Town Representer: Kev Choice

Town Representer: Kev Choice

2014 started out with a bang, with the release of Kev Choice’s Oakland Riviera album last January. The album, released independently through Choice’s own label, received little national attention. But it was easily one of the best releases of the year in any genre, and one which not only proved that Choice’s progression from sideman to bandleader was complete, but also galvanized Oakland’s urban music scene in the direction of conscious messages and aesthetic quality. Oakland Riviera established a local benchmark for virtuosity and musical intersectionality, as Choice fluidly alchemized hip-hop, R&B, soul, and jazz grooves with a hint of electronic finesse, in the process showcasing not only his own prowess as an emcee/producer/arranger/maestro, but also the considerable talents of a long list of local collaborators, which included Jennifer Johns, Lalin St. Juste, Erk Da Jerk, Viveca Hawkins, Mr. FAB, Phesto Dee, Zumbi Zoom, Howard Wiley, Marcus Shelby and many more. Yet for all the album’s collaborative nature, it was Choice’s solo material which heralded the most praise, from the moody and melodic urban instrumentals named after Oakland streets (“Int’l Blvd,” “MacArthur’s Mood,” “Foothill Dip”) to the uber-socially-conscious, Gil Scott Heron-esque “Crazy Illusions,” which closed the album.

The album’s title, Choice said in an interview, isn’t an actual place, but rather a reflection of his life experiences: “There’s no specific place called Oakland Riviera, but it kind of grew as a concept in my mind and I started thinking how could I express that. With me being a musician from Oakland and traveling around the world and also, me being an emcee and being a pianist and a composer, it’s almost like bringing different elements together to make one world.”
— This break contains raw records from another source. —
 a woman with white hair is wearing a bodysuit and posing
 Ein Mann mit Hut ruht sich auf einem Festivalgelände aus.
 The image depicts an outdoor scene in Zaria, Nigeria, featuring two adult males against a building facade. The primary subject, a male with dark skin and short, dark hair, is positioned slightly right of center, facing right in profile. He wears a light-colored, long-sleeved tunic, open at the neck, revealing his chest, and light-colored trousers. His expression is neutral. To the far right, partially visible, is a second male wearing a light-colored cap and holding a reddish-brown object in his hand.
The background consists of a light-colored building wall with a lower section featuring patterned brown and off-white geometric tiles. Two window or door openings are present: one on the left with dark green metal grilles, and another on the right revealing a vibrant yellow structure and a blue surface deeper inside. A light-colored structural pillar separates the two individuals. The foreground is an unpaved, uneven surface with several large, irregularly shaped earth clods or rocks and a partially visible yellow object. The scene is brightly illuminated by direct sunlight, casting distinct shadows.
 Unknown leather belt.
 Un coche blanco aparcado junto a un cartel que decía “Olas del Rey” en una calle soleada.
Choice proved to be a ubiquitous presence throughout the year, dominating the live music scene and even weighing in from social media-land on town business and international runnings while touring Europe with The Coup. Some other Oakland music artists who built up strong momentum this year include Jahi, the veteran conscious hip-hopper who is now a part of the Public Enemy family and its next-generation outfit PE2.0, and The Seshen, the retro-futuristic band headed by St. Juste, who signed to the Tru Thoughts label and won Best In Show at the Oakland Indie Mayhem Awards on the strength of their trip-hoppy single “Unravel.”

©Eric K. Arnold 2014

The Shadowbox opens

Speaking of The Coup, not only did they firm up their international credentials, touring France, Germany, Italy, and England, but their frontman Boots Riley also proved fairly ubiquitous, expanding his artistic repertoire with “The Coup’s Shadowbox”—a  performance art piece at the Yerba Buena Center For the Arts featuring installations by Jon-Paul Bail, surprise guest performers, and dancing puppets—and “Sorry to Bother You”—a darkly ironic, infinitely humorous screenplay published in McSweeney’s Quarterly, a segment of which was performed during SF’s Litquake festival.
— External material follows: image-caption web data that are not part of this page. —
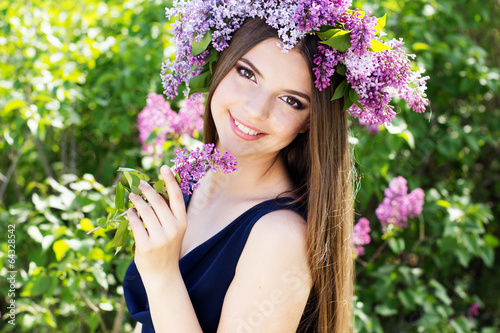 Photo: Beautiful girl with a lilac flowers Beautiful girl with a lilac flowers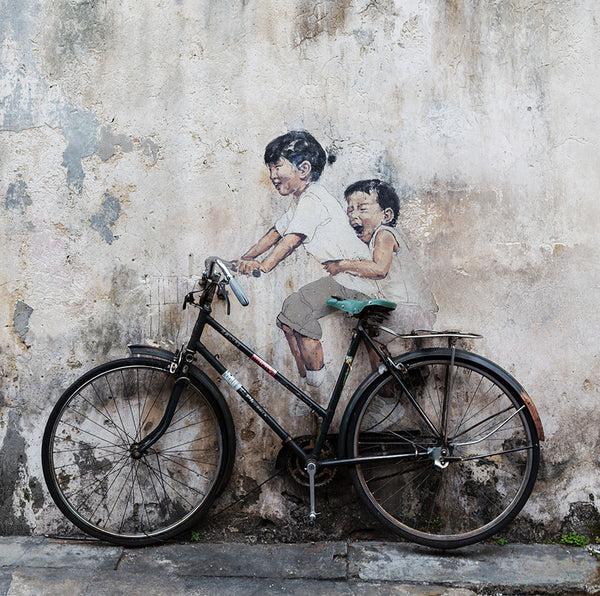 Kids On The Bike by E. Zacharevic, Street Art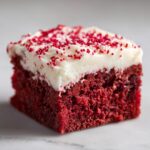 Close-up of a square slice of moist red velvet poke cake topped with thick white frosting and red sprinkles.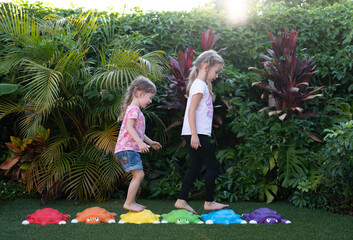 Two happy girls running and playing outside on artificial grass with colorful turtle stepping...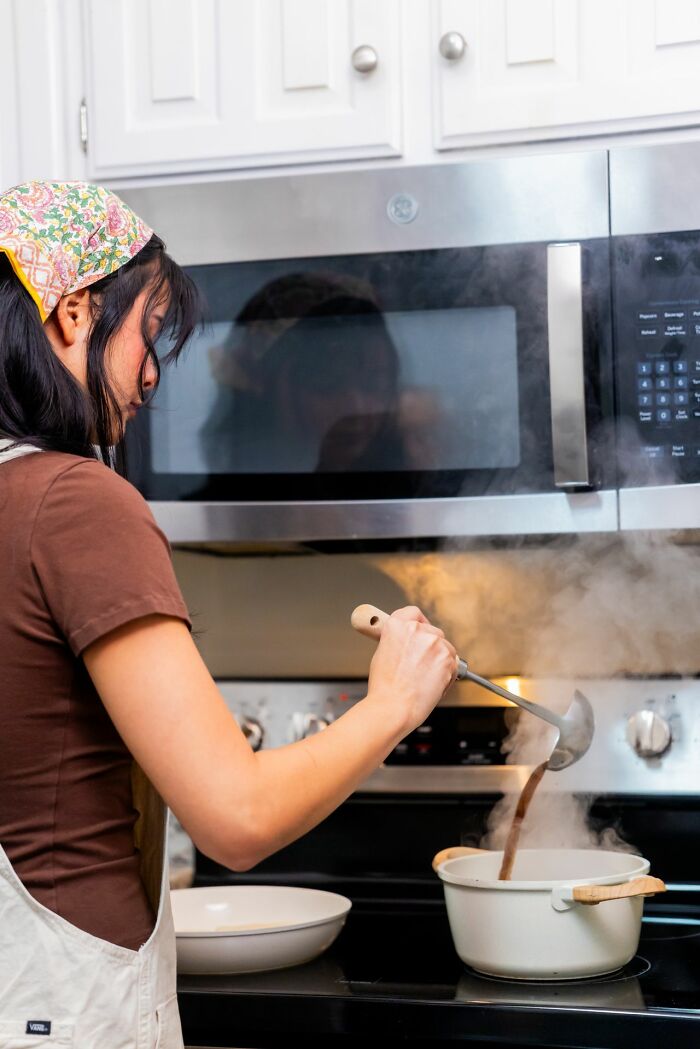A woman cooking at the stove, reflecting on small things that cause men lose interest in a woman instantly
Boots Riley holds up a copy of his screenplay

Boots Riley holds up a copy of his screenplay

February saw the 51Oakland folks team with the Elevate Foundation and the tsarina of the timbales, Sheila E., for the “Elevate Oakland” all-star benefit at the Fox Theater – one of the few shows at the renovated, iconic venue to prominently feature local artists.

The concert, a benefit for music programs in Oakland schools, emphasized the community-oriented nature of the city’s musician contingent, which sometimes seems to be more weighted toward social awareness and activism than outright commerciality. Not saying that’s a bad thing, but it is a thing you’ll find here.

Sheila E. at the Elevate Oakland fund-raise

Sheila E. at the Elevate Oakland fund-raiser

In addition to Ms. E—fabulous as always—featured artists included Choice (who took the stage with a group of young musicians he’d been mentoring, the Future Shock Quartet), Goapele, Michael Franti, and the Castlemont Choir.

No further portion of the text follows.